Data supplied
*** Block opens ***
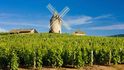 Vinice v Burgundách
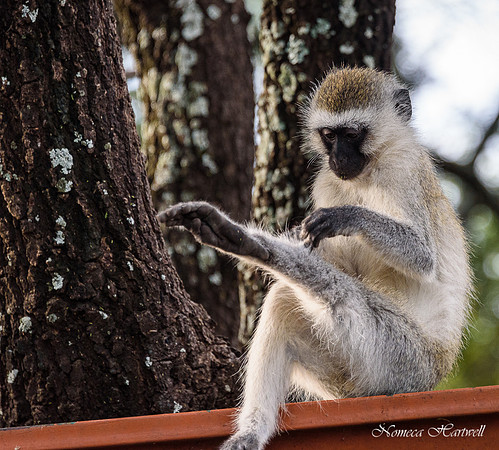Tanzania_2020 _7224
*** Block closes ***
*** Block opens ***
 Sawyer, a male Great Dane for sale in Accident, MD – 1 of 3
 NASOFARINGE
*** Block closes ***
*** Block opens ***
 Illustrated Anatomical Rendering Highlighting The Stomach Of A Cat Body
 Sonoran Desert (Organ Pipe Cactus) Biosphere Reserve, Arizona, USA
*** Block closes ***
All that belongs in the answer is the run of lines above from the line containing "Sawyer, a male" through the line containing "NASOFARINGE", exactly as written.

Output
 Sawyer, a male Great Dane for sale in Accident, MD – 1 of 3
 NASOFARINGE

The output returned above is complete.